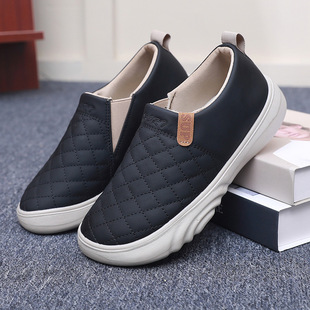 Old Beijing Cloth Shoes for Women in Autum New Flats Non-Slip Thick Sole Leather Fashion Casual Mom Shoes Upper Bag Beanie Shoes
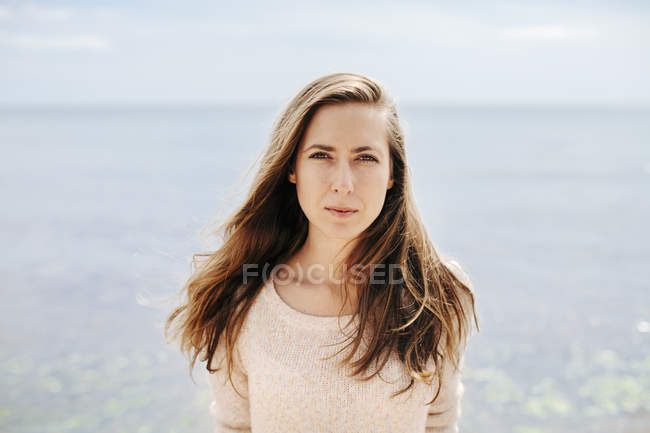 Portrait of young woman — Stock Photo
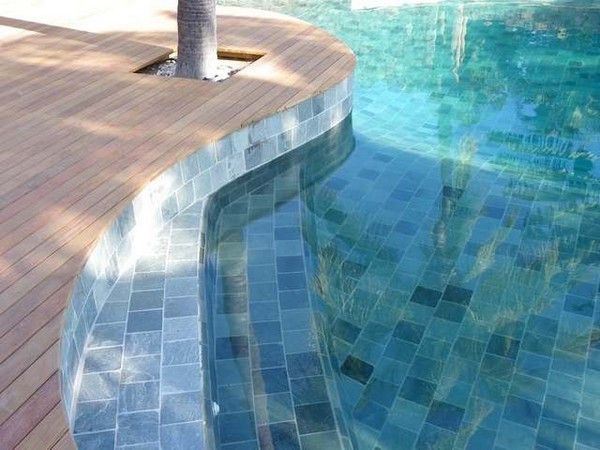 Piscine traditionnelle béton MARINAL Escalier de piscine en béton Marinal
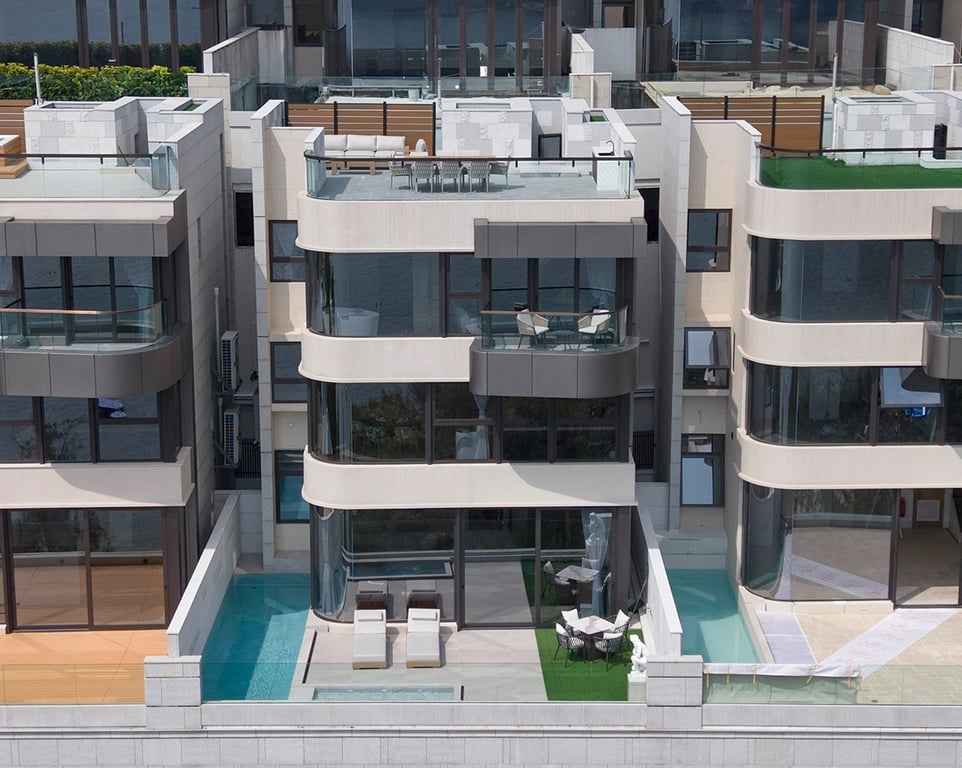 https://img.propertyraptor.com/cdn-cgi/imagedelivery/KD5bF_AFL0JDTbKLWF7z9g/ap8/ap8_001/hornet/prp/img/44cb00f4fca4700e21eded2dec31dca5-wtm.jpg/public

=== EXERCISE OBJECTIVE ===
Your output should consist solely of the lines from the line containing "Portrait of young woman — Stock Photo" through the end of the data above, copied exactly, with images removed.

=== EXERCISE OUTPUT ===
 Portrait of young woman — Stock Photo
 Piscine traditionnelle béton MARINAL Escalier de piscine en béton Marinal
 https://img.propertyraptor.com/cdn-cgi/imagedelivery/KD5bF_AFL0JDTbKLWF7z9g/ap8/ap8_001/hornet/prp/img/44cb00f4fca4700e21eded2dec31dca5-wtm.jpg/public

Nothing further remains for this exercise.